Some things are just meant to be simple, delicious and evocative. My earliest memories of food and cooking always have the gorgeous aroma of beans simmering on my grandmother’s stove. She made a fresh pot almost every day and the smell is woven into all my memories of her, the house with the creaky wooden floors and the smells of her flowers.
Every time I make a pot, it is like she is right back front and center, larger than life with her gentle little hands, showing me how to pat a tortilla, measure something out for baking, how to chop finely, how to pinch up the sides of a sope and a million other life lessons. I miss her as keenly over 20 years since she’s been gone from this world as the day I lost her, but the scent of beans cooking in the pot always makes me feel her presence and it comforts me.

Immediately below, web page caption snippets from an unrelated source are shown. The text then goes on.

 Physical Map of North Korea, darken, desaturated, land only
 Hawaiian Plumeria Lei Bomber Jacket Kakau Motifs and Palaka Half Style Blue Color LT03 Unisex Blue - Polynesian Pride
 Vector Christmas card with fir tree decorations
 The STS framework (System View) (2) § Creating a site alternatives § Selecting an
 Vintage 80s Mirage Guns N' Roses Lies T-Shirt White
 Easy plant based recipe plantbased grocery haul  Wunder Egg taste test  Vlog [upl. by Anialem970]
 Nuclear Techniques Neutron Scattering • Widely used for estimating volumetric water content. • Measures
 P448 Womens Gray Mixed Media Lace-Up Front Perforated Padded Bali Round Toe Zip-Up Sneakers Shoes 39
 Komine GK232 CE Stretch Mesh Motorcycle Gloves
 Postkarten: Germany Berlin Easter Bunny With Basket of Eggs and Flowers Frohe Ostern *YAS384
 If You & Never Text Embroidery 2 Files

Beans seem like simple fare, maybe even bothersome or peasant food to some but to me they are necessary. They go with just about any meal, are loaded with nutrients, are economical, versatile and filling and I couldn’t imagine life without them. My favorite though is just out of the pot topped with chopped onion, tomato and cilantro. It’s like a soup, absolutely delicious and with a freshly made tortilla dipped in, pure ecstasy.
To my mind, nothing is better than that first bowl of beans fresh out of a clay pot before they get re-fried or used for other things like tostadas, burritos, etc. I still love them however they are cooked, but that first bowl of soupy pinto beans with the bright Mexican flag colors is just special.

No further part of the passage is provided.